--- Information shown ---
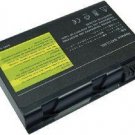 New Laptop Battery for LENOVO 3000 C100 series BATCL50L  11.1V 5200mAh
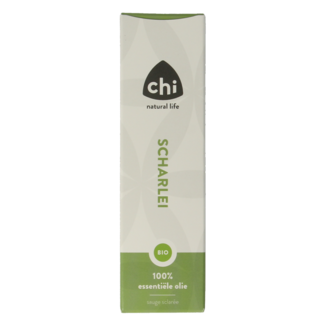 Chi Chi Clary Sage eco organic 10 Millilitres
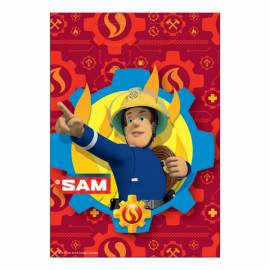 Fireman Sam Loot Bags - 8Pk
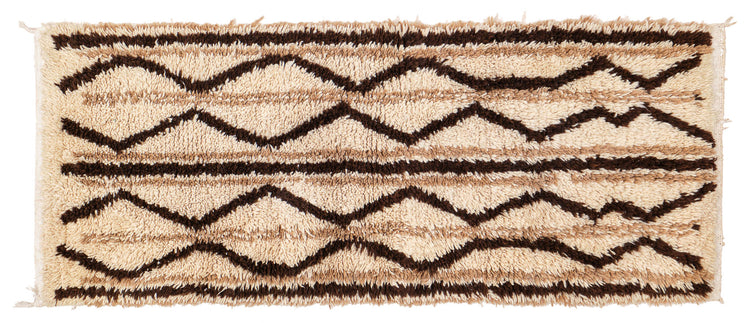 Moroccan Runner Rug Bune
---
- What to produce
From the line containing "Fireman Sam Loot Bags - 8Pk" to the last line of the material, every line is to be reproduced exactly. No picture belongs in the copy.

- Written answer
 Fireman Sam Loot Bags - 8Pk
 Moroccan Runner Rug Bune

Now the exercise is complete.